Megan Engelhardt

Nonsense For Hire


Walk Wed – No, Thursday 6/26/25

I spent most of my time this week walking around one room.

It’s our church’s Vacation Bible School week. We are often out of town during VBS. This year our schedule changed and we were able to be home, so I volunteered to help with the Bible lessons.

I’ve been helping with VBS since I aged out of attending, so probably – 12? My sister and I did Bible stories together, and I also ended up helping with the skits at the beginning of every session.

I don’t know how much you know about VBS skits, but I tell you this, lovingly – they are bad. They are always bad. But sort of endearingly bad.

A person in a giant inflatable chicken costume sits on a stage. There is a big screen behind them with a painted western scene and a banner beside them that says "Wonder Junction" and shows a train in a desert scene.

This chicken is one of the brightest stars in the skit this year, second only to the teen who is a tumbleweed who gets standing ovations every day.

My kids helped me decorate our room. They art better than I do. K4 made this very nice panorama of a desert.

A desert scene is painted by a young kid on a long piece of scrap cardboard. The sky is various colors of blue. There are tiny cut out pieces of desert along the bottom and cut out animal figures glued on.

K2 decided we needed a mascot and made a bird skeleton with a cowboy hat and a sheriff’s badge. His name is Jeff.

He has a sidekick who is a snake. His name is Jeff II.

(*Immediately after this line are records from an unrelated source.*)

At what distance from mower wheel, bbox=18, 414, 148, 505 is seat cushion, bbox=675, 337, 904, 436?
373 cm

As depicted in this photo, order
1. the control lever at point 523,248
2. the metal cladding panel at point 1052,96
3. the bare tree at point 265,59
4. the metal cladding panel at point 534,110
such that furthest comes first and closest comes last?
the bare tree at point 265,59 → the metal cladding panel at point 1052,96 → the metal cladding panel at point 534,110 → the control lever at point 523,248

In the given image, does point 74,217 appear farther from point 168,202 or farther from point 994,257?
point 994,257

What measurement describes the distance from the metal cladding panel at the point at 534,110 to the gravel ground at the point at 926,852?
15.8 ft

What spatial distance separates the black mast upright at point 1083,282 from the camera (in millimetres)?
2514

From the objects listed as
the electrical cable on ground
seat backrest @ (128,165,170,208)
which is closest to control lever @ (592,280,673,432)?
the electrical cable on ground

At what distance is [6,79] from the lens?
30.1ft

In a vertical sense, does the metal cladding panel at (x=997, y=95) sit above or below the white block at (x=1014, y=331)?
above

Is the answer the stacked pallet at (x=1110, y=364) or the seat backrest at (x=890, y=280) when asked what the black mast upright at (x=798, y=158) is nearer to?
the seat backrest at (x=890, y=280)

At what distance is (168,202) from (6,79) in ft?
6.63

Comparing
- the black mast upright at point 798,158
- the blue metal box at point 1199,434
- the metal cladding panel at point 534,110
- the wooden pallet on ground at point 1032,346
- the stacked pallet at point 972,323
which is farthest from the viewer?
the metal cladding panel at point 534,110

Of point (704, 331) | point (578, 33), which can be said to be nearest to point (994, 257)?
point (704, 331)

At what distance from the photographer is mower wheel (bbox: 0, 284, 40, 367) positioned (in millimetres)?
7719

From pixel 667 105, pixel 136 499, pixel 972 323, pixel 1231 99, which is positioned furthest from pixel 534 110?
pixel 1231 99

(K2 approached just now and said “What do you mean sidekick? Jeff II is his friend. He’s also the deputy.”)

There is also a cactus.

A hand-drawn and cut out bird skeleton wearing a bowler hat and a name tag that says "Hello, my name is Jeff". It is taped on a wall behind a hand-drawn green cactus. On the cactus is a small hand-drawn snake with a tiny cowboy hat and a nametag that says "Jeff II".

This child is clearly mine.

A pair of saloon doors drawn on cut pieces of cardboard. A bunch of fish and cross shapes in a variety of colors are glued around the saloon doors and the door frame.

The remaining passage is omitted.